Les organismes chargés du paiement de l’allocation de logement communiquent à l’agence, à sa demande, l’information selon laquelle un locataire est bénéficiaire de l’aide personnelle au logement et un récapitulatif des versements des aides personnelles au logement entre les mains des locataires et des bailleurs.

G. – Un décret en Conseil d’État définit les modalités de gestion et de fonctionnement de l’agence.

III et IV. – (Supprimés)

IV bis. – Des organismes, dénommés « centres de gestion agréés », sont agréés par l’agence de la garantie universelle des loyers pour la mise en œuvre de la garantie universelle des loyers. À ce titre, ils ont pour missions :

1° D’assister les bailleurs dans la déclaration mentionnée au D, pour la vérification du respect des conditions exigées pour bénéficier de la garantie universelle des loyers et dans toutes démarches pour le bénéfice de la garantie ;

2° D’instruire les dossiers d’impayés de loyer et les demandes d’aides ;

3° De délivrer aux candidats locataires qui en font la demande le justificatif mentionné au C du I ;

4° D’informer les locataires des déclarations d’impayés de loyer, ainsi que des conséquences de cette déclaration et notamment des voies de recours dont les locataires disposent dans ce cadre ; 

5° De proposer un plan d’apurement au locataire ;

6° D’identifier et orienter les locataires en situation d’impayés de loyer nécessitant un accompagnement social, et d’accompagner, s’il y a lieu, les locataires dans la recherche d’un autre logement.
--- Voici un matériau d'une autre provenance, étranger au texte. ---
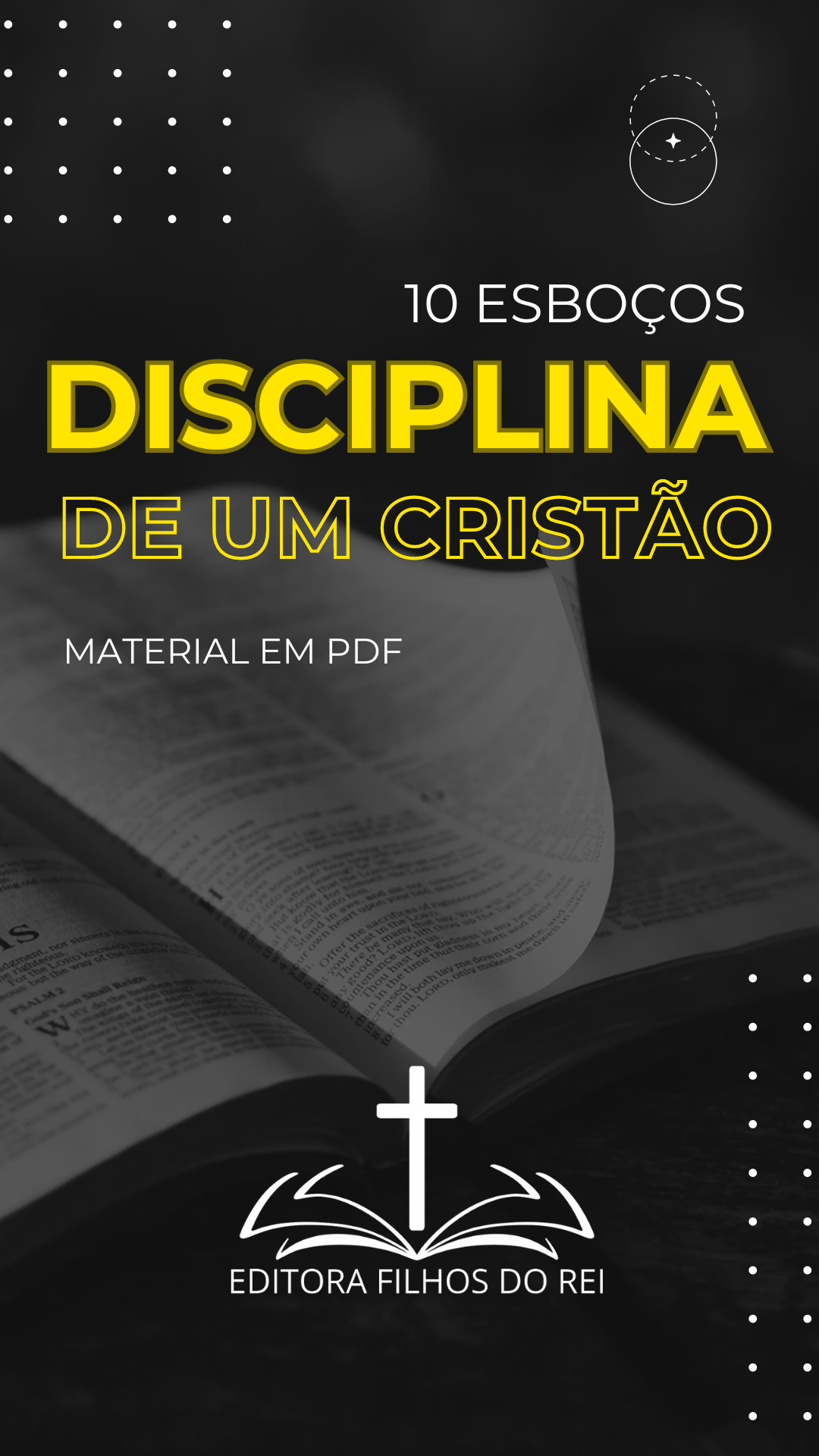 Disciplina de um Cristão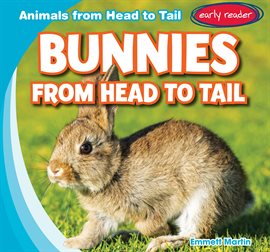 Imagen de portada para Bunnies from Head to Tail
Ces organismes peuvent également procéder à l’indemnisation des bailleurs et proposer des prestations complémentaires, dont la liste est fixée par décret, dans le cadre de la mise en œuvre de la garantie universelle des loyers.

Ces organismes sont soumis au respect d’un cahier des charges fixé par décret.
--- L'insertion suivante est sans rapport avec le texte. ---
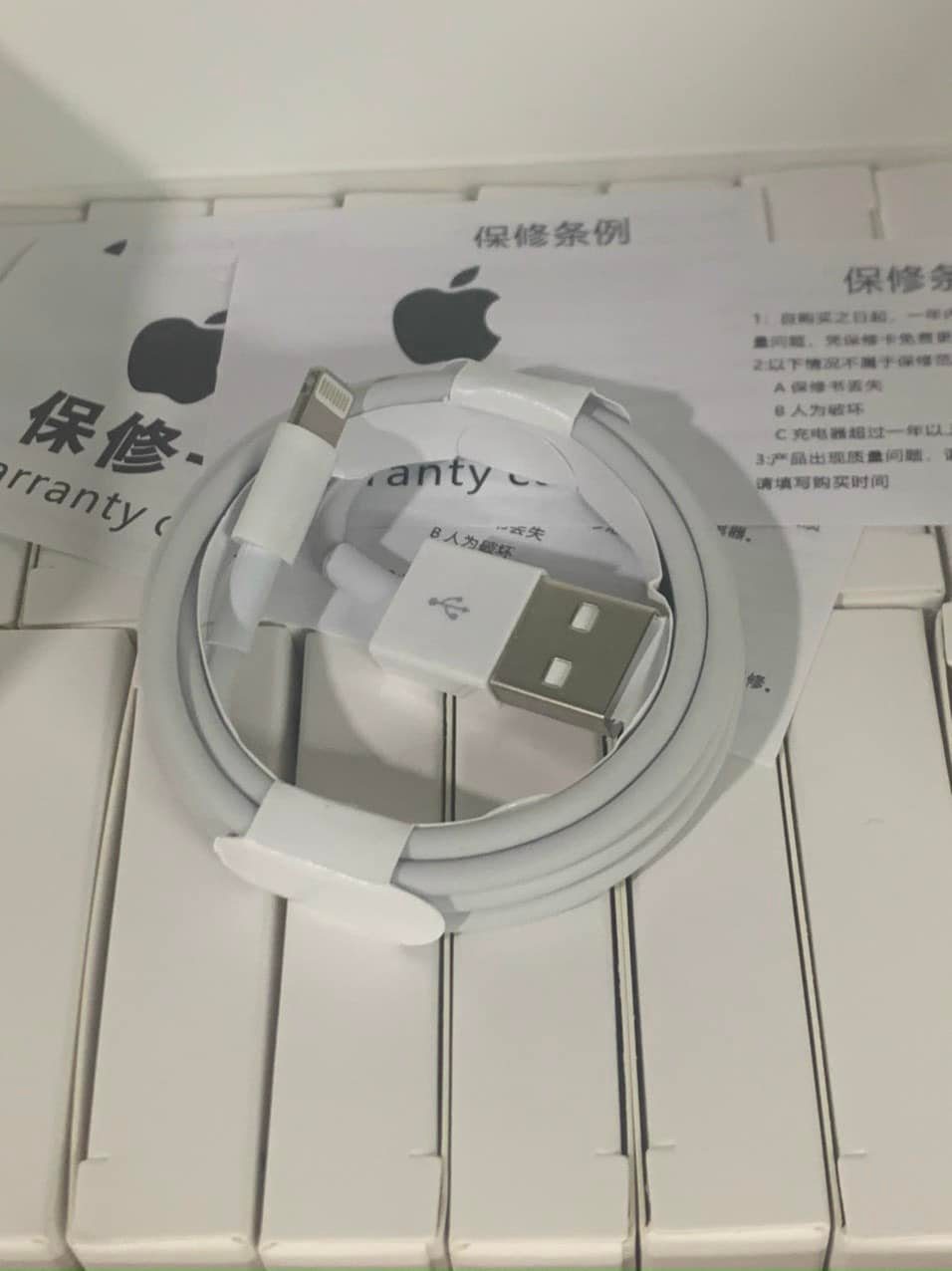 Địa chỉ bán sỉ cáp iPhone 6ic chuẩn chip 3415 xịn giá tại xưởng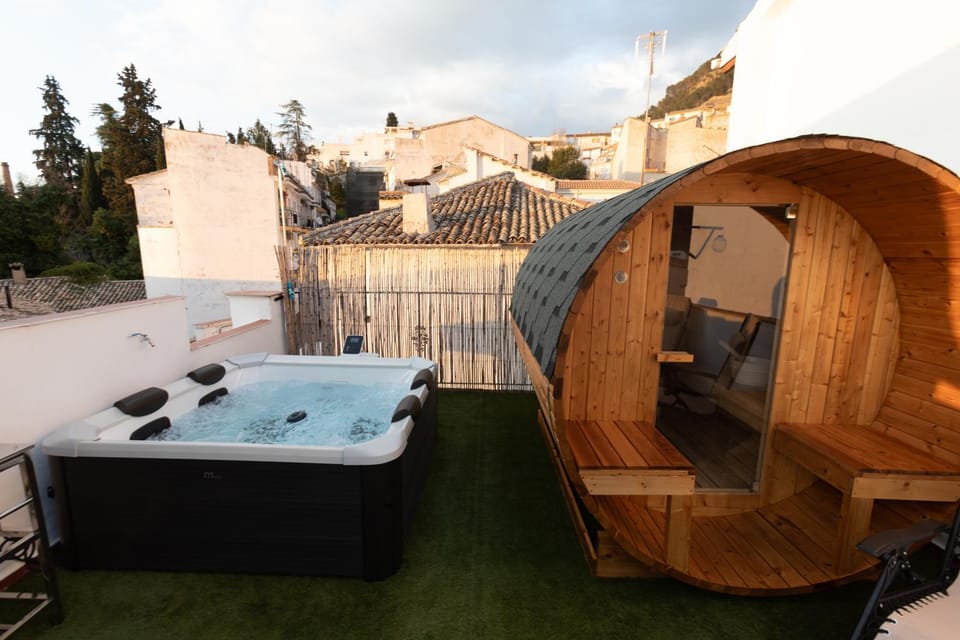 BOROSA Suites Apartment in Cazorla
Pour le financement de leurs missions, ces organismes perçoivent un financement de l’agence mentionnée au II. Ils peuvent également percevoir des sommes acquittées par les bailleurs, dans des conditions fixées par décret.
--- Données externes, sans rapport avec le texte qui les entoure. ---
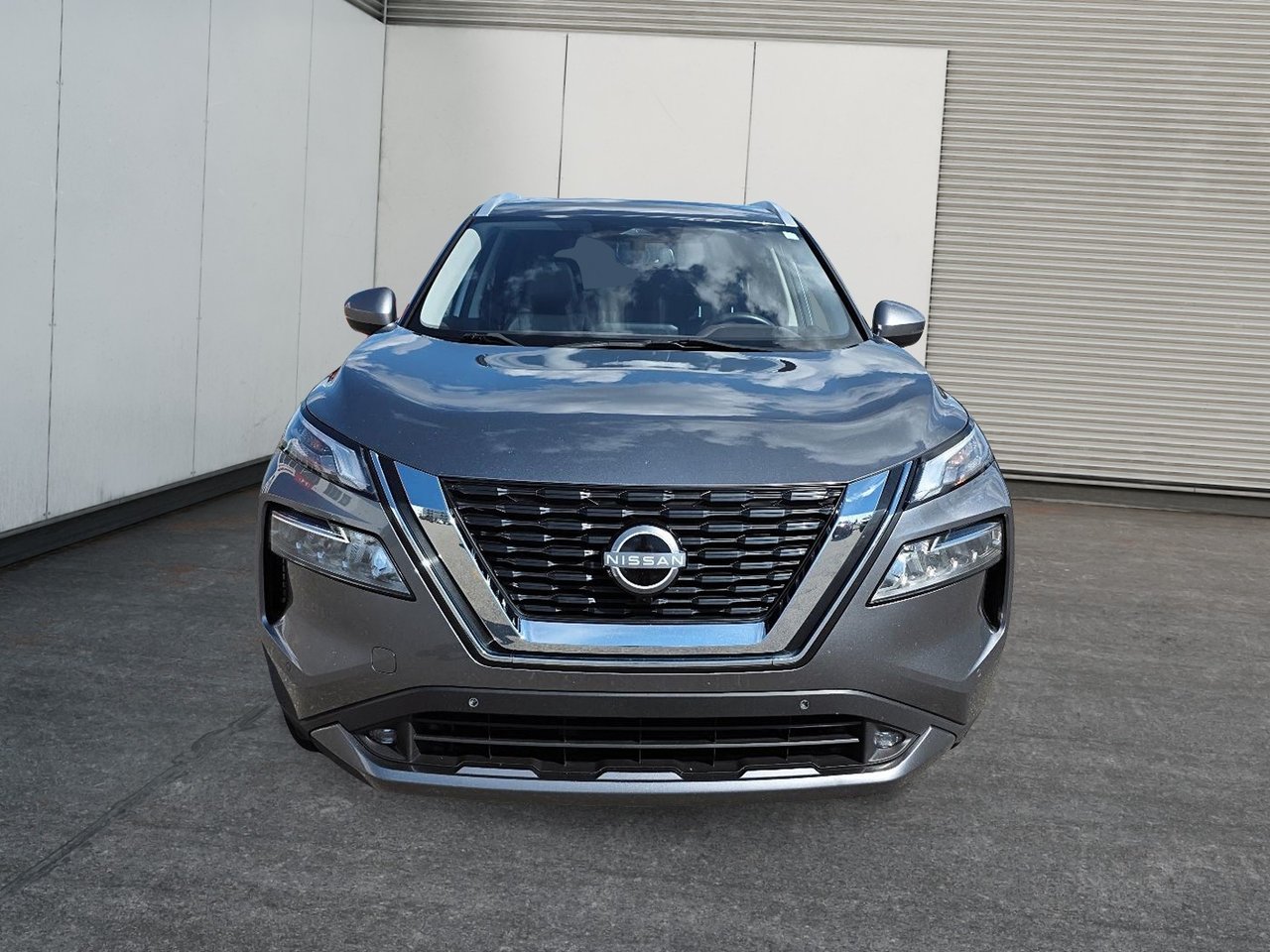 2022 Nissan Rogue SL-1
IV ter. – Pour pouvoir bénéficier des conditions spécifiques d’application de la garantie universelle des loyers prévues aux c du 1° du C du I et au septième alinéa du 4° et au second alinéa du 5° du D de ce même I, ainsi que de l’aide complémentaire prévue au deuxième alinéa du A du II pour les logements qu’ils louent ou gèrent, les organismes qui exercent les activités d'intermédiation locative et de gestion locative sociale ainsi que les organismes qui exercent des activités de maîtrise d’ouvrage d’insertion agréés dans les conditions prévues, respectivement, aux articles L. 365-4 et L. 365-2 du code de la construction et de l’habitation doivent obtenir un agrément de l’agence mentionnée au II du présent article dans des conditions définies par décret.

V. – (Non modifié)

VI. – Après le cinquième alinéa de l’article 22-1 de la loi n° 89-462 du 6 juillet 1989 tendant à améliorer les rapports locatifs et portant modification de la loi n° 86-1290 du 23 décembre 1986, il est inséré un alinéa ainsi rédigé :

« Le cautionnement pour les sommes dont le locataire serait débiteur s’étend également aux sommes correspondant aux aides versées au bailleur en application de l’article 8 de la loi n° … du … pour l’accès au logement et un urbanisme rénové. »

VII. – Le présent article s’applique aux contrats de location conclus à compter du 1er janvier 2016.

À compter de cette même date, les parties peuvent rendre applicable le présent article, par voie d’avenant, aux contrats de location en cours, sous réserve que le bailleur et le locataire remplissent les conditions qu’il fixe.

Le bénéfice de la garantie pour les logements déjà occupés par le locataire est soumis à un délai de carence qui ne peut être inférieur à six mois, sauf dans les cas de renouvellement ou d’un avenant à un contrat de location qui a été déclaré dans les conditions mentionnées au D du II.

L’agence mentionnée au II est créée à une date fixée par décret, et au plus tard le 1er janvier 2015.

VIII. – (Non modifié) Dans un délai de trois ans à compter de la date mentionnée au premier alinéa du VII, le Gouvernement remet au Parlement un rapport d’évaluation de la garantie universelle des loyers.